A law in Illinois prohibits barbers from using their fingers to apply shaving cream to a patron's face.

The U.S. interstate highway system requires that 1 mile in every 5 must be straight. These sections can be used as airstrips in a time of war or other emergencies.

The United States Supreme Court once ruled Federal income tax unconstitutional. Income tax was first imposed during the Civil War as a temporary revenue-raising measure.

The Wodaabe, sheltered from the influences of the outside world, have unusual customs. When Wodaabe greet each other, they may not look each other directly in the eyes. During daylight hours, a man cannot hold his wife's hand in public, call her by name, or speak to her in a personal way.

There are many theories of how tipping came to be, but the most prevalent story goes back several hundred years to England. When people traveled by stagecoach, they often sent a servant ahead to make arrangements for their arrival. The servant would give the service providers money “to ensure promptness,” which was shortened by initials to be “tip.” Today a tip is more of a thank you after good service than a bribe to get good service.

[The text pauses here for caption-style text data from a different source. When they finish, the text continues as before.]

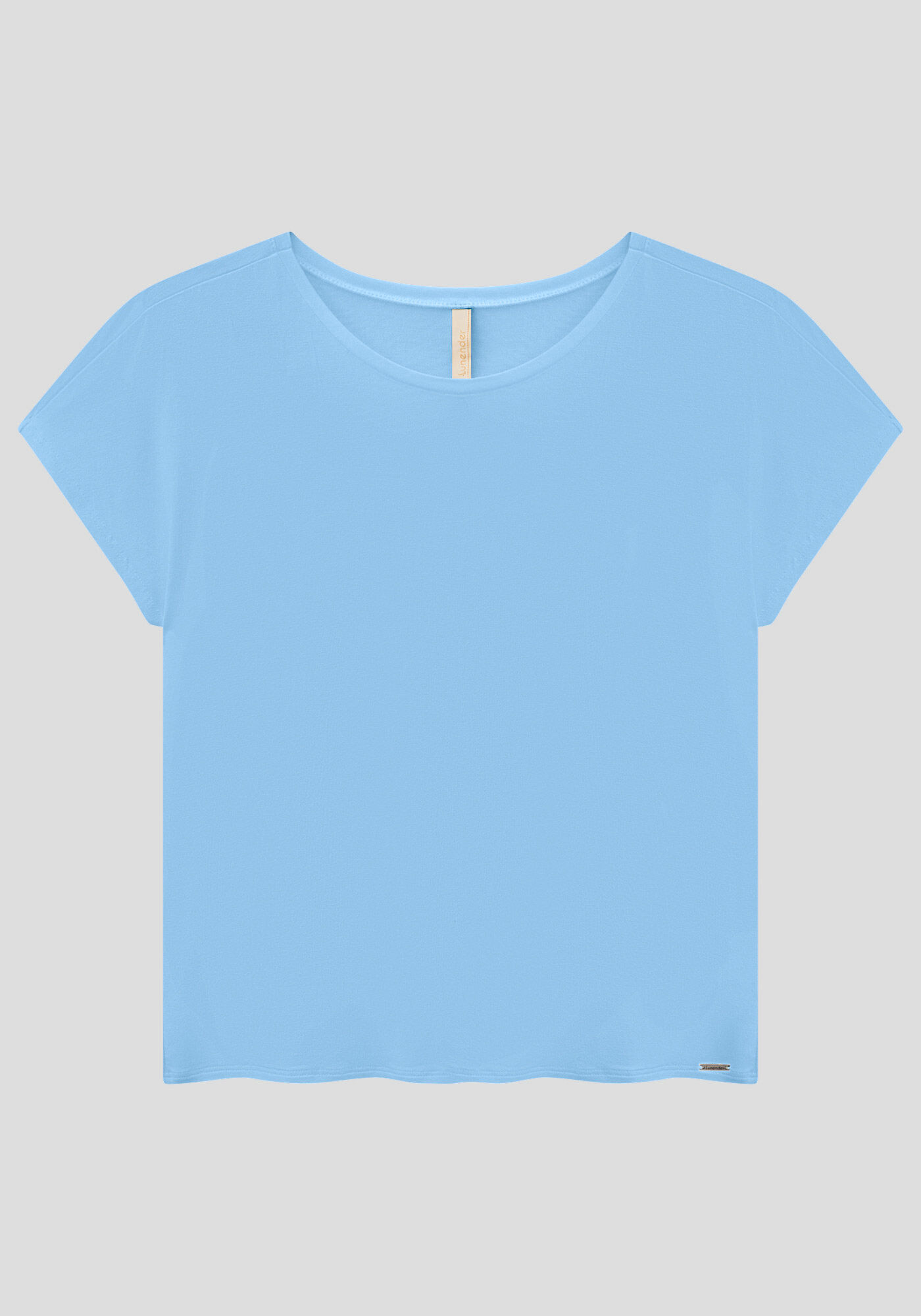 Blusa Lisa B&aacute;sica Em Malha De Viscose Com Elastano, , large.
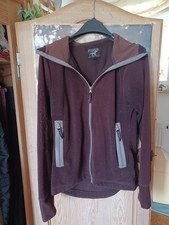 STEEDS Reit/Stalljacke, Gr. M in braun aus Fleece, Innenseite Kapuze Baumwolle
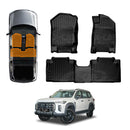 3D Floor Mats for LDV D90 2025-Onwards All-Weather Car Liners-12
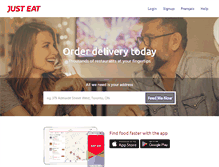 Tablet Screenshot of just-eat.ca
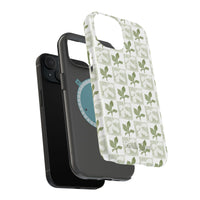 Botanical Impact-Resistant Phone Case - Eco-Friendly Design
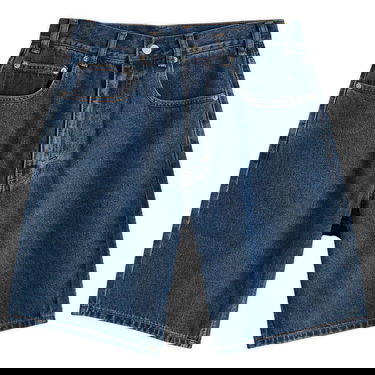 Къси панталони thisisneverthat thisisneverthat Washed Denim Shorts, Size Large Синьо | TN251DSO5S01-BLUE, 1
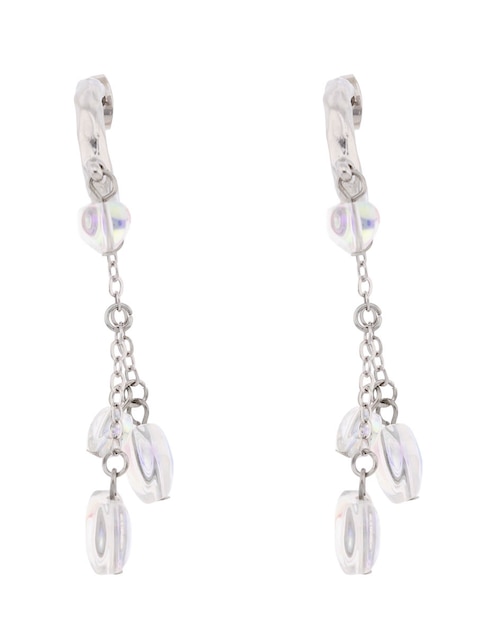 Aretes largos de corazón That's It con acabado brillante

There are more than 100 offenses that carry the death penalty in Iran.

There are some driving differences in Japan that tourists should know. Motorists drive on the left side of the road and the steering wheel is on the right, like in the United Kingdom. In areas where there are few police, people routinely speed 30 km over the speed limit (50 kph), and taxi drivers are notorious for their aggressive driving. The pedestrian always has the right of way, and drivers can not turn on a red light.

There is meaning behind the wedding custom of “something old, something new, something borrowed, something blue.” The “old” thing was a personal gift from the bride's mom to make a bond to the bride's old life. The “new” item symbolized hope for the future and the newly formed family. The “borrowed” item was a gift from a happily married woman that would carry some of the woman's happiness into the new marriage. The something “blue” came from two sources that had similar meanings. To ancient Romans, maidens wore blue to show fidelity and modesty, and to Christians, blue was linked to the purity of the Virgin Mary.

Tourists need to be aware that, when traveling in Germany, a screwing gesture at one's head is a strong symbol, meaning "You're crazy." Often used by drivers on the autobahn to comment on the driving skills of other travelers, this gesture can get you arrested. The same gesture is used in Argentina.

Trap regulations in California for lobster fisherman require an escape port for undersized lobsters.

Twenty-two inches is the minimum legal length for commercial sale of California halibut.

A local ordinance in Atwoodville, Connecticut, prohibits people from playing Scrabble while waiting for a politician to speak.

A new law passed in the fall of 2000 gives e-signatures the same legal standing as handwritten signatures.

A richly embroidered veil, or "burga," festooned with buttons and pendants cloaks the faces of the young girls of Sudan's Rashaida. Their interpretation of Islamic law dictates that females wear the veil starting at the age of five. The covering must be worn even at mealtimes. It can be removed only in the strictest of privacy.